This piece of space rock (below) is a time capsule in which isotopes from the cloud of gas and dust that it and the rest of the solar system originated in are still preserved. Most meteorites that fall to Earth have gone through processes such as hydrothermal alteration and heating from impacts (things really took a beating as the solar system formed) or radioactive substances. Acfer 094 is almost pristine in comparison. How it escaped the ravages of space is unknown, but it possibly formed far out, beyond Jupiter, from hydrogen sulfide ice, organics and presolar materials.

Acfer 094 Meteorite

Enter cosmic symplectite. There is no other known meteorite that contains this mashup of iron oxide, iron sulfide and some of the heaviest oxygen isotopes. This is what gave away that the dawn of UV light in the solar system did not come from the Sun, because our star has 6% more of the lightest oxygen isotope than everything orbiting it. This is because primordial UV light bombarded objects in what would become the solar system and broke apart the carbon monoxide in them into its atomic components. Cosmic symplectite was the by-product.

“The isotopic anomalies recorded in cosmic symplectite likely indicate that our Solar System was formed near massive stars that irradiated the parent solar molecular cloud,” Vacher said. “Fortunately for us, the Sun didn't form too close to these giant stars, otherwise we wouldn’t be here to talk about it.”

So what were the monster stars that lit up the solar system with so much UV light? Smaller, Sun-like stars commonly form close to astral monsters such as massive O and B-type stars. These highly energetic stars live fast and die hard. Their UV spectra are also vastly different from stars like our Sun, and their UV light breaks apart gaseous hydrogen sulfide, which leaves behind heavy sulfur isotopes. Either, or both, types of stars were probably in the same stellar cluster from which the sun emerged.

When their powerful radiation of O or B stars (or both) split apart gases such as hydrogen sulfide, they created isotopes that shape the developing environment in the hazy cloud where the Sun was forming.
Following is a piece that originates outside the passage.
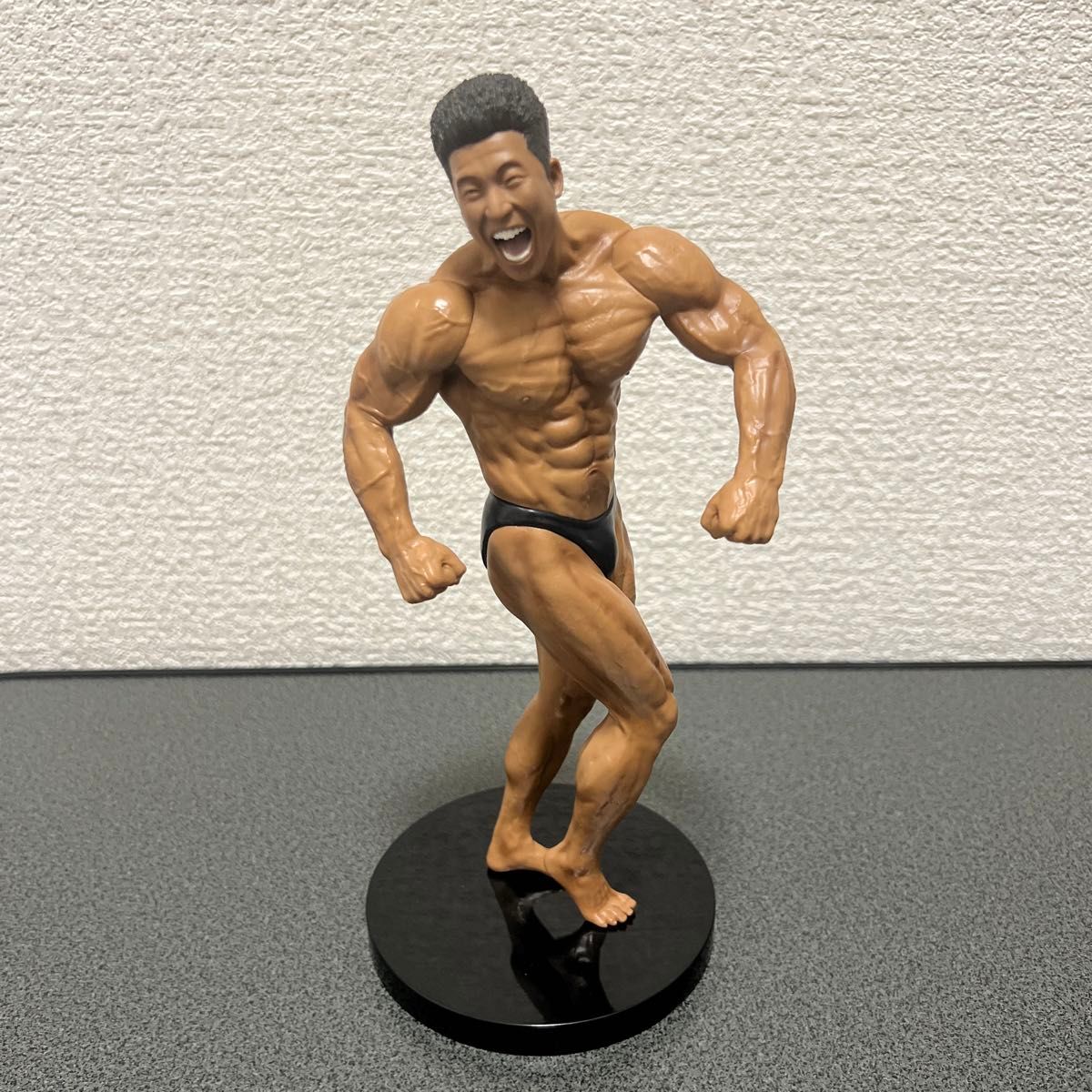 松本人志 フィギュア 美品 なかやまきんに君フィギュア セット 松本人志 フィギュア 美品 なかやまきんに君フィギュア セット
The difference in spectra between the Sun and the stars that predated it allowed Vacher and his team to compare the sulfur isotopes in the cosmic symplectite with previous predictions. Even a small piece of Acfer 094 was enough to perform isotopic analyses on, which allowed it to whisper the secrets of the extremely early solar system to Vacher and his team.

“We were able to compare the sulfur isotopic anomalies of the cosmic symplectite with these theoretical models and tell that the sulfur isotopic anomalies recorded in cosmic symplectite are consistent with irradiation from massive star(s), not from the young Sun,” he said.

So remember, we aren’t just made of stardust; in a way, we were also made by starlight.